▶ What is needed
Return the listing below verbatim. Pictures do not belong in the copy.

▶ Dataset excerpt
------------------------------------------------

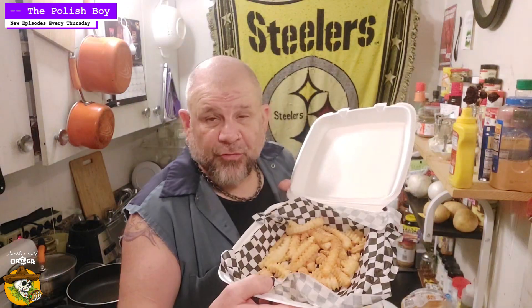Some nice Polish sausage, coleslaw, French fries — courtesy of Mickey's, thanks Ryan — a hoagie bun, and some of our lovely Shasha Sauce.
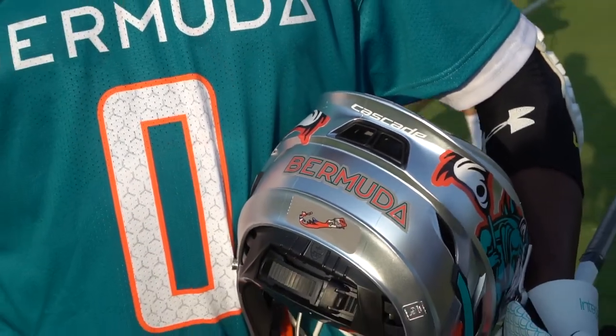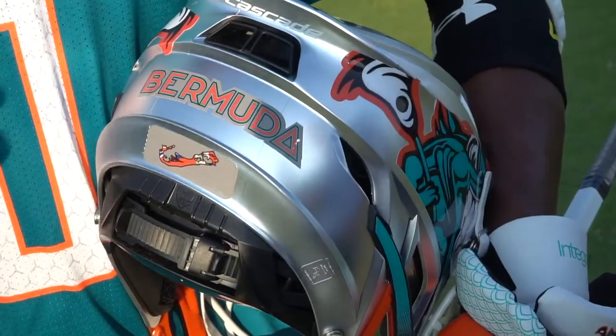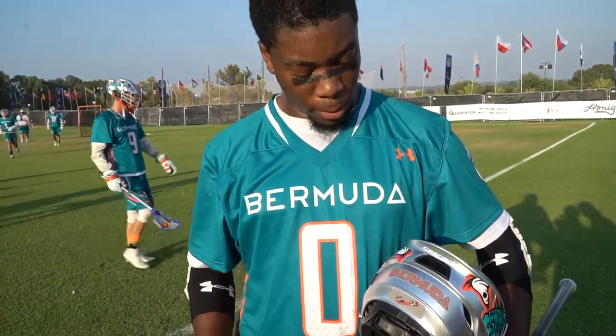Kind of like the Bermuda Triangle within that A. And then instead of the traditional square flag logo, we wanted to have the outline of the island with the Bermuda flag in the middle. That's a little bit about the helmet.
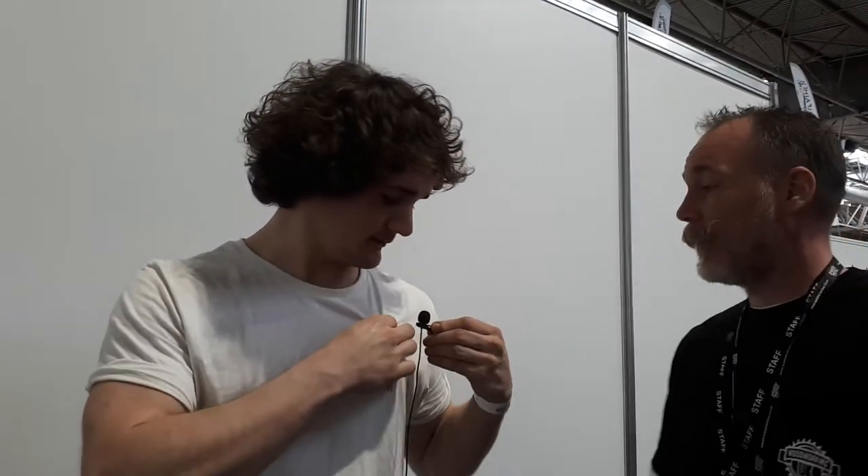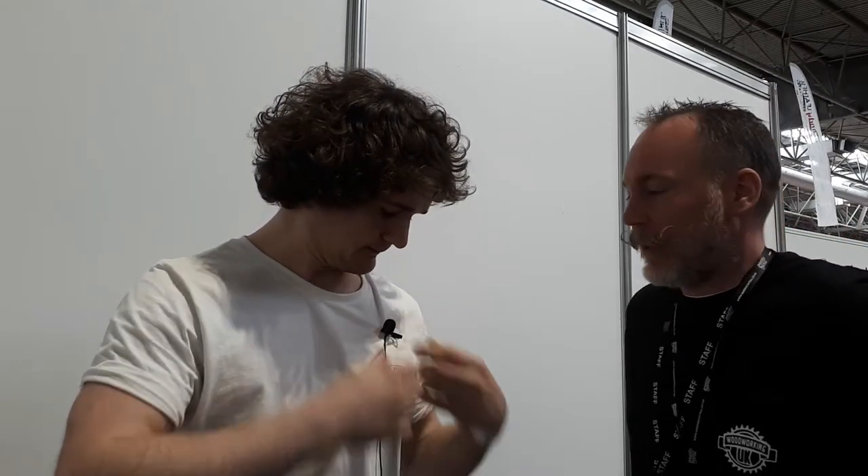Good to meet you, Matt! Good to meet you too! Really good to meet you. Good to meet you too.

------------------------------------------------

▶ Task answer
Some nice Polish sausage, coleslaw, French fries — courtesy of Mickey's, thanks Ryan — a hoagie bun, and some of our lovely Shasha Sauce.
Kind of like the Bermuda Triangle within that A. And then instead of the traditional square flag logo, we wanted to have the outline of the island with the Bermuda flag in the middle. That's a little bit about the helmet.
Good to meet you, Matt! Good to meet you too! Really good to meet you. Good to meet you too.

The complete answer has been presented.